Sunday 11 October 2009




rom 
October 9, 2009

Britannia deals blow to first-time housebuyers

First-time buyers with a small deposit have been left with even less choice after one of the biggest mortgage lenders in the market pulled its deals last night.

Britannia, which merged with Co-operative Bank in August, will no longer offer home loans to borrowers with a 10 per cent deposit, the mortgages popular among first-time buyers.

The move leaves only a handful of lenders still willing to offer loans to buyers with small deposits.

The cost to lenders of borrowing on wholesale money markets to fund new mortgages has fallen considerably in recent months and is now beginning to stabilise, according to experts. Swap rates, the money markets used to fund fixed-rate mortgages, are at a record low. However, mortgage brokers have lamented the failure of banks to reduce rates for struggling first-time buyers. It is feared that less competition could push up the cost of deals for first-time buyers even farther.

Over the past three months Britannia has offered one out of every ten mortgages requiring a 10 per cent deposit, lending £300 million to almost a thousand first-time buyers.

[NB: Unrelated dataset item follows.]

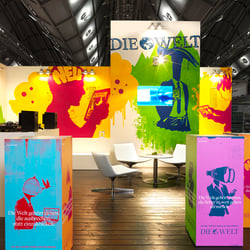 Frankfurter Buchmesse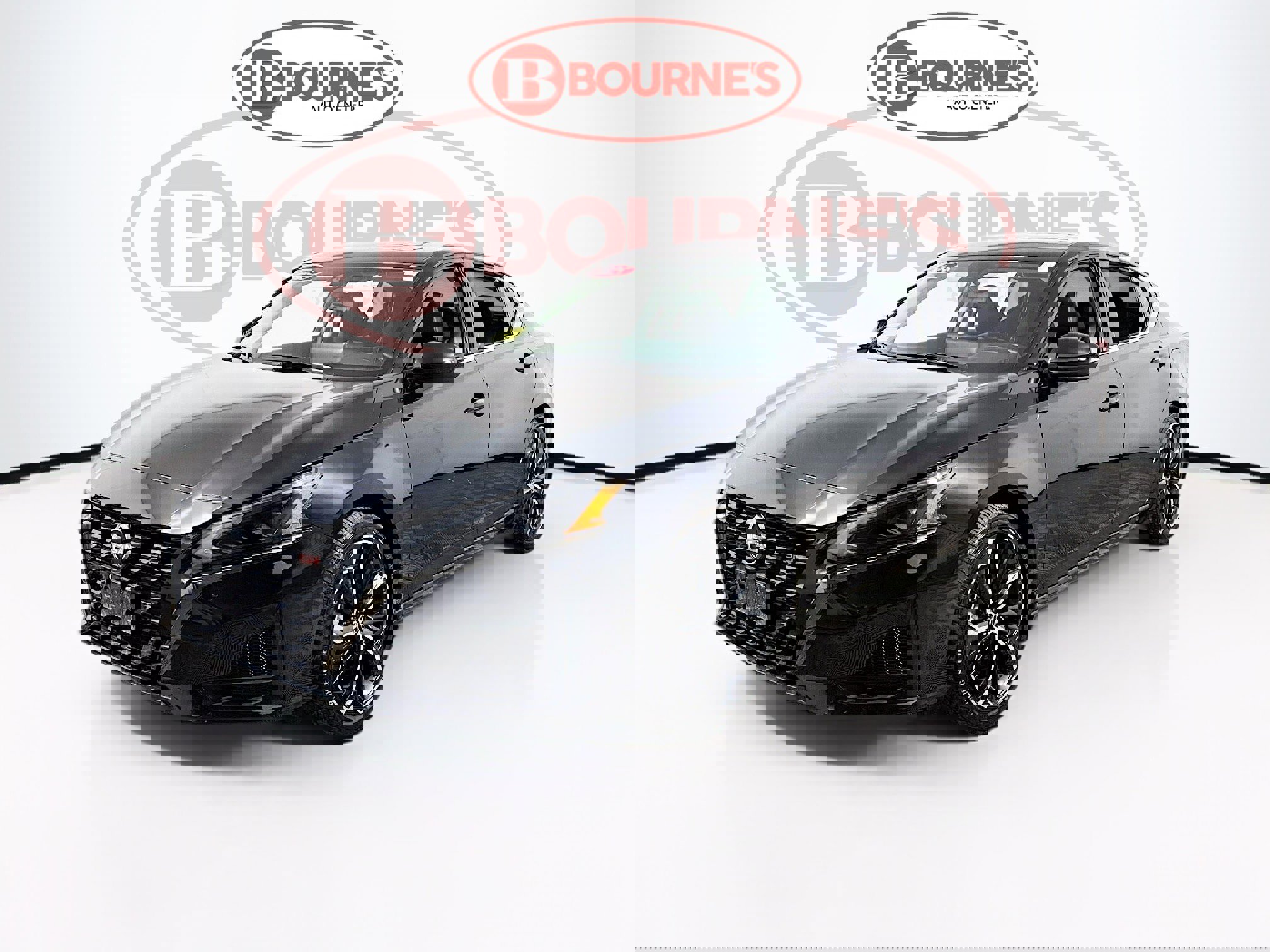 Used 2025 Nissan Altima 2.5 SR w/ SR Premium Package image 6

Where deals are available they are much more costly. The average fixed-rate deal for buyers with only a 10 per cent deposit has a rate of 6.63 per cent, compared with 5.08 per cent for borrowers with a 40 per cent deposit, according to figures from Moneyfacts.co.uk, the financial website.

Even though swap rates have fallen, the availability of mortgages remains restricted as lenders struggle to secure funding from wholesale markets and retail deposits. Banks and building societies are expected to approve £145 billion gross of new loans this year, compared to £363 billion in 2007.

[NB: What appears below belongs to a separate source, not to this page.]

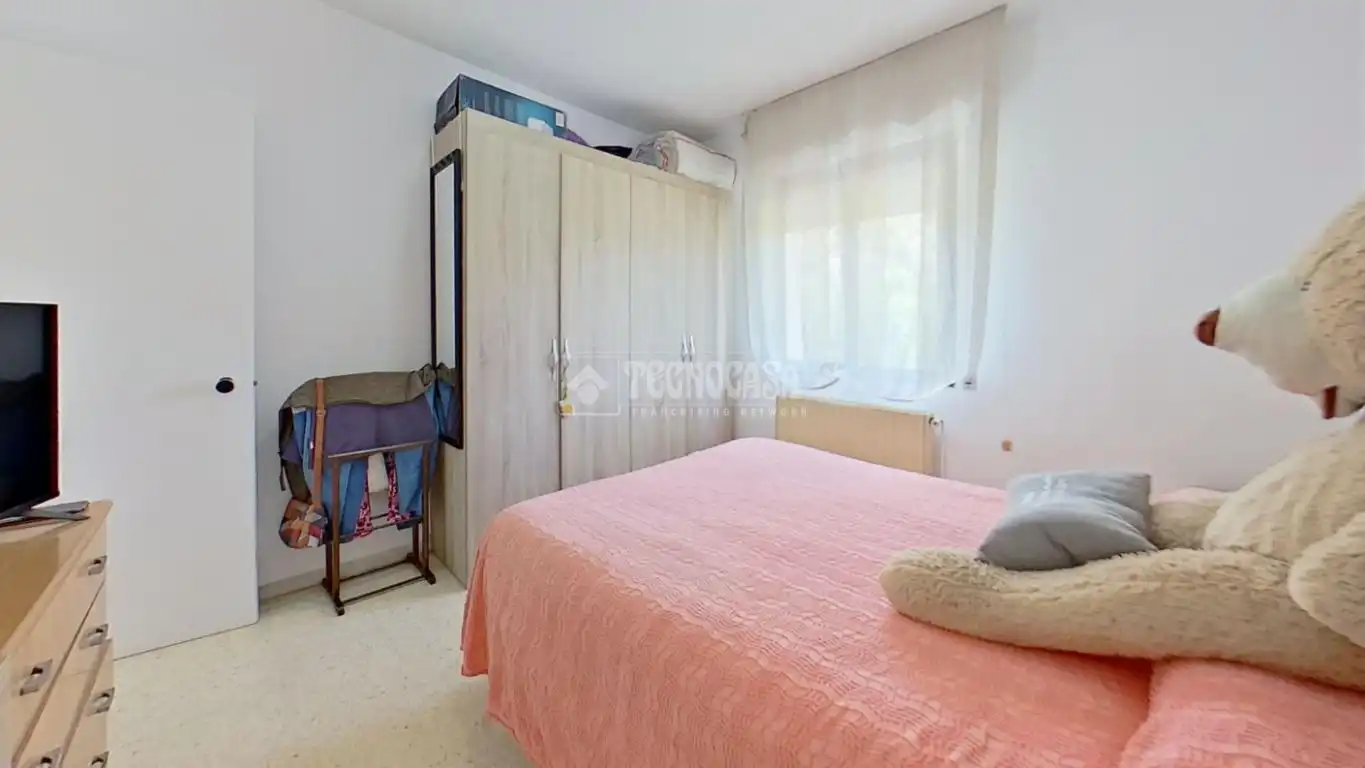 Habitación de Piso en venta en Balsareny con Aire acondicionado, Calefacción y Trastero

Britain’s biggest mortgage lenders, including the taxpayer-controlled Lloyds Banking Group and Abbey, passed on a series of interest rate cuts this week, but only on deals for cash-rich borrowers. Northern Rock, the Government-owned lender, reduced a number of deals by up to 0.3 percentage points for borrowers with at least a 15 per cent deposit.

Meanwhile, Woolwich, the mortgage arm of Barclays, lowered the cost of its lifetime tracker deal by almost half a point to 2.79 per cent, or 2.29 per cent over the Bank base rate of 0.5 per cent. The deal requires a deposit of 30 per cent and has a £999 fee.

Mortgage brokers welcomed the series of rate cuts announced this week.